Colin’s books entitled, The Second Nuclear Age (1999) and Another Bloody Century (2005) presented the harsh realities he deemed more likely than the prevalent, near-utopian expectations of great power comity and a cooperative “new world order.” In 1999, for example, Colin dissented from the accepted wisdom of the day that terrorism was the only remaining threat and pointed to “the strong possibility that world politics two to three decades hence will be increasingly organized around the rival poles of U.S. and Chinese power,” and that China “would menace Japan.” He also then observed that the return of Russia as a politico-military challenge to the West (which he fully expected) “immediately would threaten independent Ukraine [and] the Baltics.”[3] Colin expected that the immediate post-Cold War period was a (likely brief) interlude before another cycle of sharp great power competition and potential conflict. History demonstrates that Colin was again prescient.
Colin’s contrarian expectations, of course, did not reflect his preferences. They followed from his observations and realist philosophical roots, and his corresponding view that history provides the best guide for our expectations of the future. As noted, his expectations were far removed from the accepted wisdom of the day, i.e., that the arising new world order would see the dwindling salience of nuclear weapons, and great power cooperation and amity would replace cycles of crises and conflict. Colin did not believe that the exhaustion of the Soviet Union and rise of China meant the dawn of a peaceful new age—to the contrary, he expected new security challenges to arise and old challenges to return. Again, recent history has shown that Colin’s projections were correct, if unfashionable.
I do not know the role that Colin’s work played in his native Britain’s Defence Ministry. What is clear is that beginning in the 1970s, he played an increasingly significant role in the evolution of U.S. thinking, particularly in the Department of Defense. Very few scholars inside or outside of government have so directly affected U.S. policies. When Secretary of Defense James Mattis introduced the 2018 National Defense Strategy, he quoted Colin and referred to him as “the most near-faultless strategist alive today,”[4] and Colin is the only academic quoted in both the 2018 Nuclear Posture Review and 2019 Missile Defense Review.

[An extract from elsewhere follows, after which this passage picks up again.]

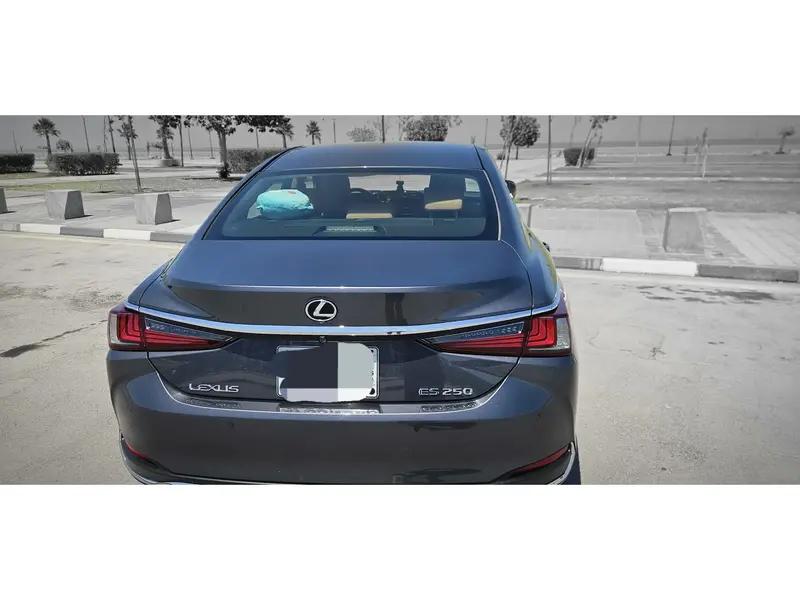Lexus ES 2022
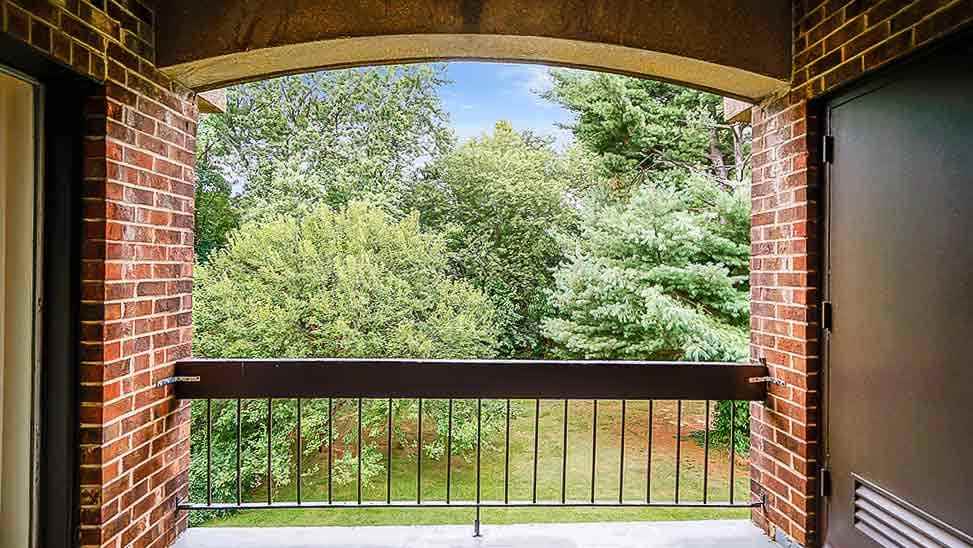 The Commons of McLean - Photo 6 of 8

Thinking About the Unthinkable
An overarching theme and goal of Colin’s writing and lecturing was devoted to identifying the most effective approach to deterring war, particularly nuclear war, i.e., war prevention. He also recognized the possibility that deterrence could fail and nuclear war could ensue despite best efforts to prevent it. Correspondingly, he reasoned that because nuclear war is possible, the U.S. should prudently think through “what to do” in the event. He considered an officially declared U.S. response of the 1960s and early 1970s—including a large-scale nuclear strike against Soviet society—to be complete immoral folly and a faulty guide for measuring the adequacy of U.S. nuclear forces. His basic proposition was simple but not simplistic: The West must unceasingly seek to deter war, but if deterrence fails nevertheless and war ensues, U.S. actions should not be impromptu by default or a spasmodic nuclear response that consciously abandoned any purposeful goal beyond revenge and societal destruction. Rather, they should be guided by thoughtful planning to deter further nuclear escalation and to minimize societal destruction to the extent feasible—with full recognition that while neither goal was assured, to not try to limit the destruction would be grossly irresponsible. That is hardly a radical proposition.[5]
But openly discussing “what to do” if deterrence fails was outside the norms of policy and academic discourse. Doing so was then and continues to be criticized as reflecting a sympathy for “nuclear war fighting” as opposed to deterrence. Colin ran afoul of the fact that considering what to do if deterrence fails was largely unacceptable because reigning wisdom was that the “stable” balance of terror, properly tended, would not fail short of irrationality, and nuclear war was “unthinkable”—and certainly not to be discussed publicly other than by some occasionally as a political tool used to rouse popular opposition to U.S. nuclear arms. But that was not Colin’s purpose.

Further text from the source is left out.